ACME: Automatic feature extraction for cell migration examination through intravital microscopy imaging.

Cell detection and tracking applied to in vivo fluorescence microscopy has become an essential tool in biomedicine to characterize 4D (3D space plus time) biological processes at the cellular level. Traditional approaches to cell motion analysis by microscopy imaging, although based on automatic frameworks, still require manual supervision at some points of the system. Hence, when dealing with a large amount of data, the analysis becomes incredibly time-consuming and typically yields poor biological information. In this paper, we propose a fully-automated system for segmentation, tracking and feature extraction of migrating cells within blood vessels in 4D microscopy imaging. Our system consists of a robust 3D convolutional neural network (CNN) for joint blood vessel and cell segmentation, a 3D tracking module with collision handling, and a novel method for feature extraction, which takes into account the particular geometry in the cell-vessel arrangement.
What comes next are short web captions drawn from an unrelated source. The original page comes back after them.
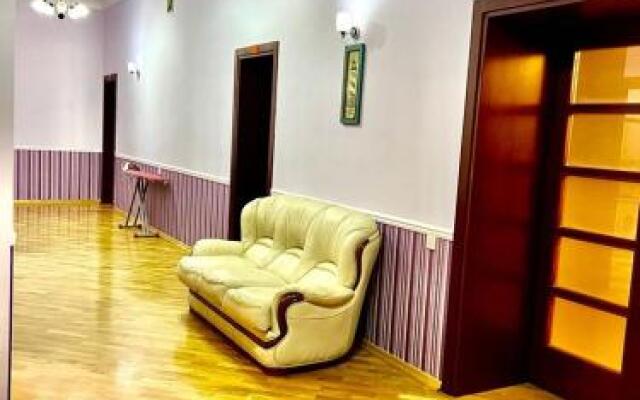 City Hall Apartment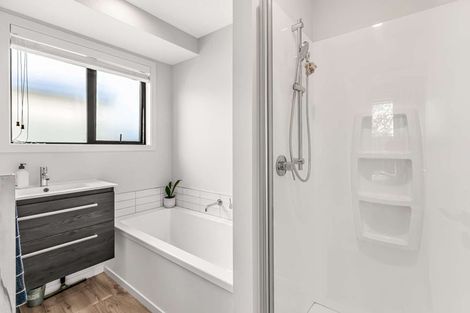 Photo of property in 2/49 Shannon Place, Belfast, Christchurch, 8051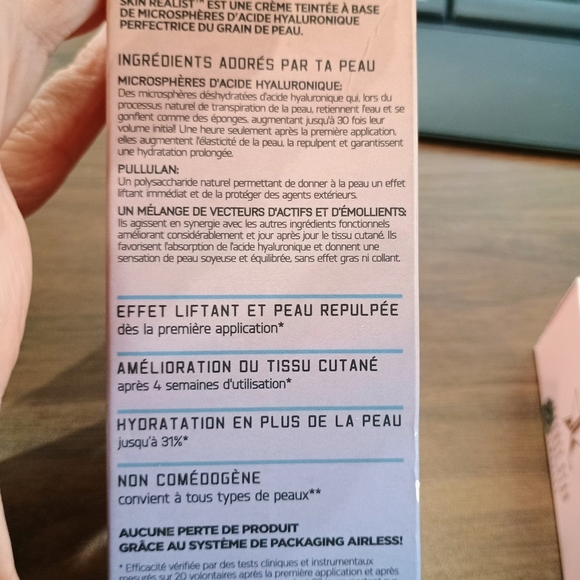 Skin Realist Foundation - And Caramel Settings Power - Picture 6 of 7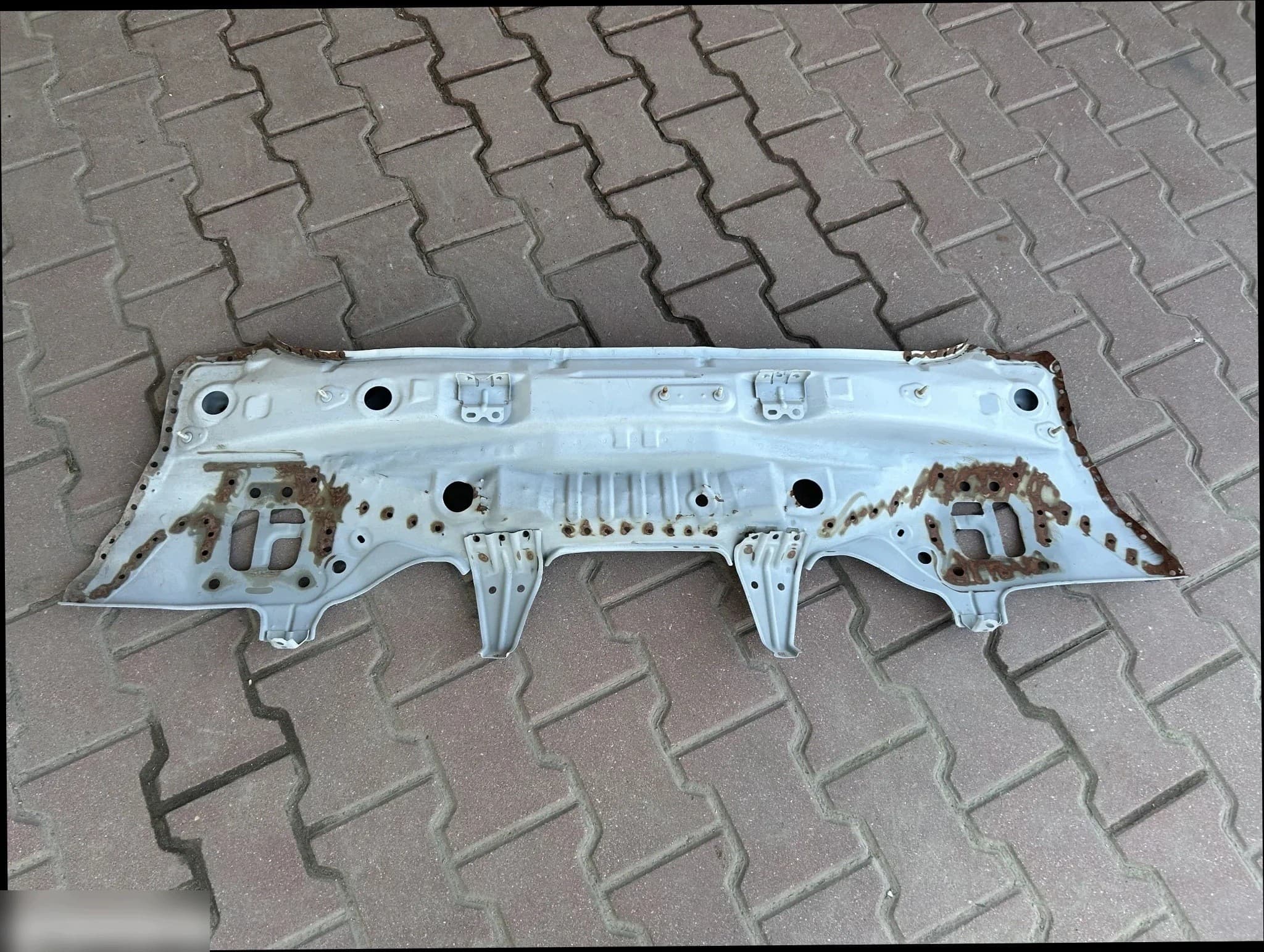 Refuerzo de Paragolpes Trasero para Toyota Corolla E21 HB 2019 usado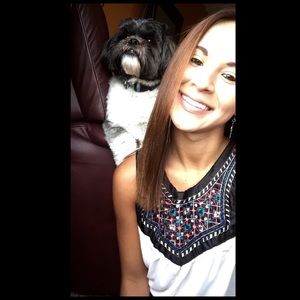 Meet your Posher, Rhiannon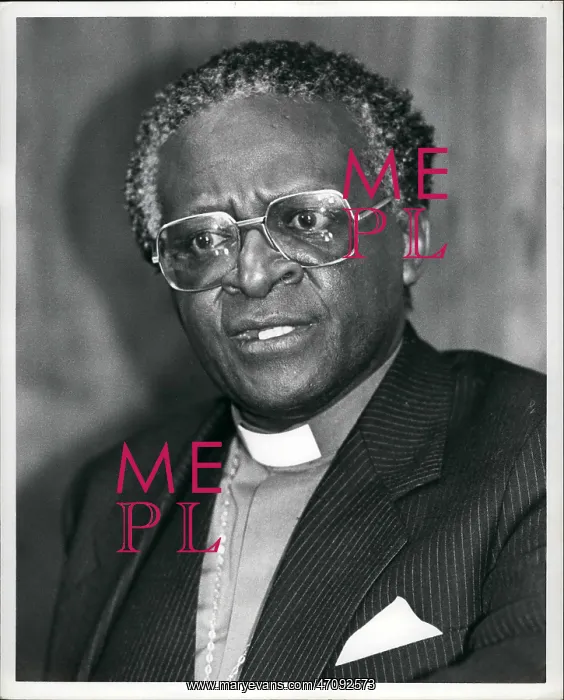 : Bishop Desmond Tutu at press conference : Bishop Desmond Tutu at press conference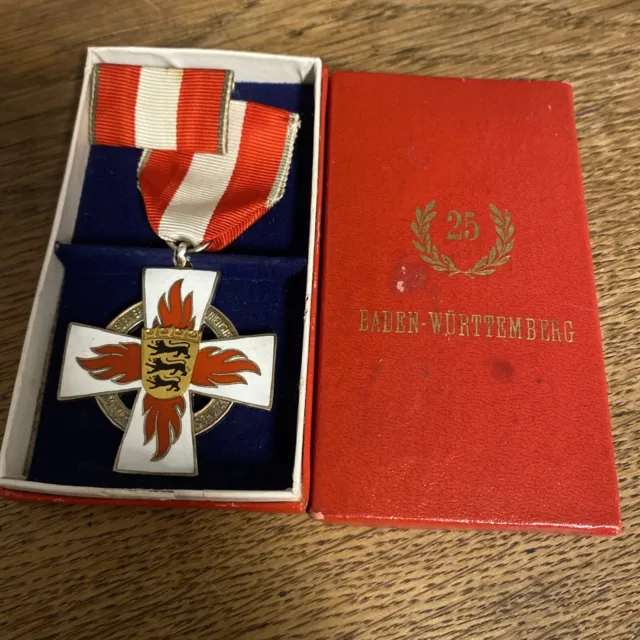 Orden  Feuerwehr Ehrenkreuz Mit Etui und Miniatur in Silber FW24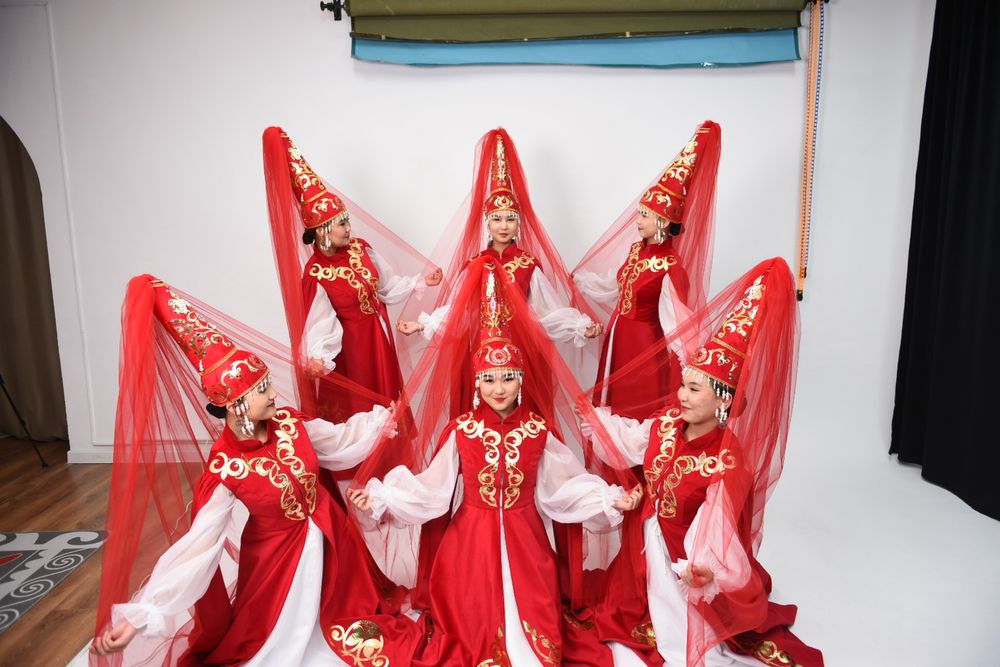 Танцевальные костюмы для свадеб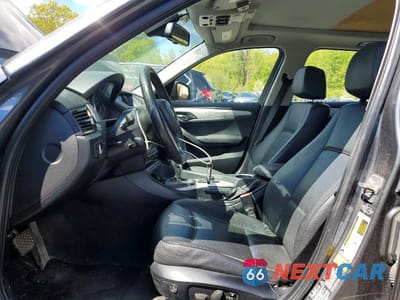 Zdjęcie 7 z 13 samochodu: 2014 BMW X1 XDRIVE28I VIN:WBAVL1C56EVY16566 - miniatura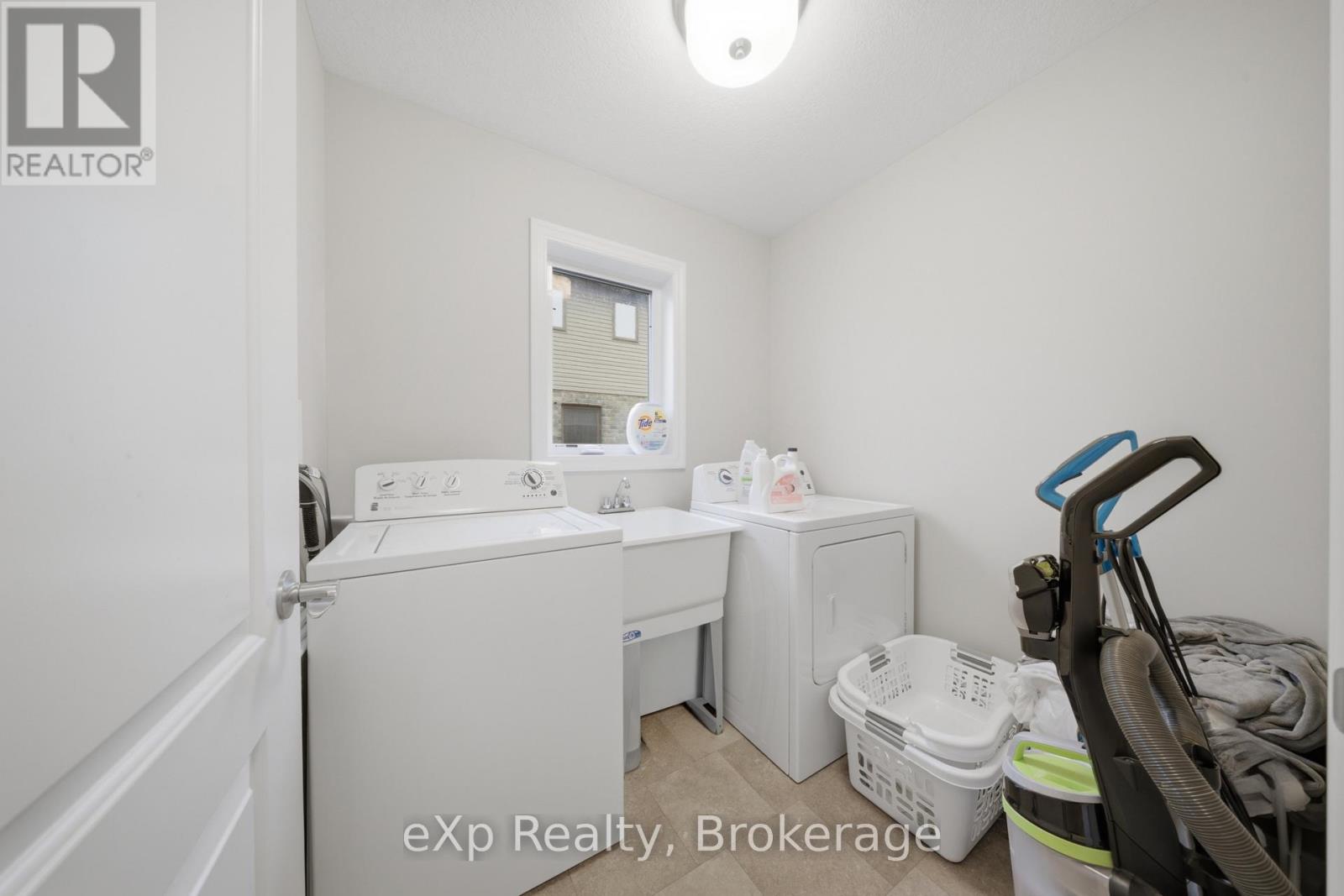 300 Hutton Street E, North Perth, Ontario  N4W 0C1 - Photo 7 - X13173460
Experiments on a large 4D intravital microscopy dataset show that the proposed system achieves a significantly better performance than the state-of-the-art tools for cell segmentation and tracking. Furthermore, we have designed an analytical method of cell behaviors based on the automatically extracted features, which supports the hypotheses related to leukocyte migration posed by expert biologists. This is the first time that such a comprehensive automatic analysis of immune cell migration has been performed, where the total population under study reaches hundreds of neutrophils and thousands of time instances.